I have sort of a strange, ongoing internal conflict about my possessions. Traditional minimalist doctrine says that I should realize that what I have right now is enough, and be content. And I do realize that what I have is more than enough, which I duly appreciate. At the same time, if I’m going to live with less, I want to live with the perfect kind of less. In particular, I want to curate my perfect wardrobe.
Over the past year, I’ve started upgrading my wardrobe, purchasing higher-quality versions of items I know I love enough that I won’t feel the need to purge them before they wear out (blue jeans, for example). I’m also on the lookout for a small list of new items that would replace multiple items I currently own—a pair of comfortable tan sandals that go with everything, for instance, would allow me to minimize my summer shoes to two pairs.
I struggle with this a little, because buying things to ultimately own less seems like that old, rather suspect adage: “You have to spend money to make money.” It seems counter-intuitive. However, I also know that minimalism is what you make of it, not what somebody else dictates, and that the whole idea is that when I consume, I consume with intention. I’d love to get my wardrobe down to 50 items, and I don’t think it’s a bad idea to be on the lookout for high-quality, ethically made, multi-functional clothing that helps me get down to that space-saving goal.
Furthermore, it isn’t necessarily wasteful to purchase something before everything else has worn out. I’ve owned a pair of yellow Converse since high school, and I love them—but in my wardrobe’s color palette, sometimes the yellow just adds too much color to an outfit, and low-cut natural canvas ones would solve that problem and make them work with skirts. They’ll be more functional in my wardrobe, so it makes sense to have them and donate my yellow sneakers to someone else who will like them.
To me, having a curated lifestyle with only the things that you use and love means making sure you’re getting them most use out of everything you can. When you don’t own a lot of clothes, every item needs to pulls its weight. If it just isn’t anymore, that’s okay. You could try just getting rid of it—I’ve done that a lot, with pretty good results—but for something like sneakers, which almost everyone considers an important piece of clothing, it’s perfectly reasonable to procure a replacement that will serve you better. Saving the money or a little minimalist cred isn’t worth becoming a slave to the item you don’t really want around.

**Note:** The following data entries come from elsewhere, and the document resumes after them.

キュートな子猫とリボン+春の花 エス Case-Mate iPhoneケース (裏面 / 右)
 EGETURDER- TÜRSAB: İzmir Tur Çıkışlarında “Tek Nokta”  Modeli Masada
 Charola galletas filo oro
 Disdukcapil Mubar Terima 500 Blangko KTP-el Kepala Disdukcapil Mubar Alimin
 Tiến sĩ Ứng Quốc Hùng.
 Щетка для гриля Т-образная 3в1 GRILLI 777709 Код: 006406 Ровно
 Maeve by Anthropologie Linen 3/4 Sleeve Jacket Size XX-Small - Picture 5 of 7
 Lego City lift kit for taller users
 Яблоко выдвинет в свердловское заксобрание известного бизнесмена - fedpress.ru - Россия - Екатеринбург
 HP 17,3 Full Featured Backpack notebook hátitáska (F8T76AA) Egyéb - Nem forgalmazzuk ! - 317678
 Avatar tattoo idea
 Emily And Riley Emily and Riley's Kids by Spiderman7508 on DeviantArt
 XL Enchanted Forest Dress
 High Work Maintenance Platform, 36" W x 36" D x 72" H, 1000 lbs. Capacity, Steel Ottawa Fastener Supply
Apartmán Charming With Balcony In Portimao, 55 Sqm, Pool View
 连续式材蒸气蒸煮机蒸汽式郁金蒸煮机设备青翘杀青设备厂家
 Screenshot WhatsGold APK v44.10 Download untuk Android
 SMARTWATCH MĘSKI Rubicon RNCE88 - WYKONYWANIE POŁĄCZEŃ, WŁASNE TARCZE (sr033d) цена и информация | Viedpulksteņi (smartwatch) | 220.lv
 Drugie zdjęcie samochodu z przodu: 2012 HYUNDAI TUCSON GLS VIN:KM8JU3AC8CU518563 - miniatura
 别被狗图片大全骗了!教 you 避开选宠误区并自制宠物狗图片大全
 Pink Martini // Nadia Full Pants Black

It’s not just clothes, either. I’d also love to digitize all of our DVDs and my husband’s video games, but unfortunately, that means re-buying them in a digital format. (Why is that? When you purchase a book or movie these days, it should come with a license that allows you to digitize it once. It just makes sense…and it lets you share the physical version with someone else, afterwards.) I’m still debating if saving that space—and having fewer items to move to Italy—is worth slowly ‘upgrading’ the discs to digital form for $10-$30 each. As far as my DVDs go, I’m quite sure I could just live without them, buying the occasional one online if I really feel the need (Tangled is pretty much my go-to movie for any mood, after all)…but my husband would not be pleased if I tried that experiment on his games.
I’m currently designing my “100 Things” list, which is a hypothetical inventory of the 100 personal things I would keep if I couldn’t have any others (household items like dishes and furniture don’t count). I’m not being totally realistic; I’m allowing myself to add a couple items that I don’t actually own. While it’s mostly a fun little game of curiosity for me, I do think it could help show me what I don’t actually need, and where the holes in my possessions (let’s be real: my wardrobe) are. It would be great if a side effect of completing this challenge was both letting go of some things that didn’t make the cut and finding exactly what I would need to make me feel like my wardrobe is completely, perfectly curated. Then, I can decide if the investment is worth it.
Is lifestyle upgrade a struggle for you? Do you find yourself enjoying the amount you have, but yearning for better quality? Fortunately I don’t have this problem with, say, cars or other very expensive things, but I’m sure there are other people out there who feel the curation itch for something in their lives–dishes, furniture, clothing, electronics, anything. Tell me about it!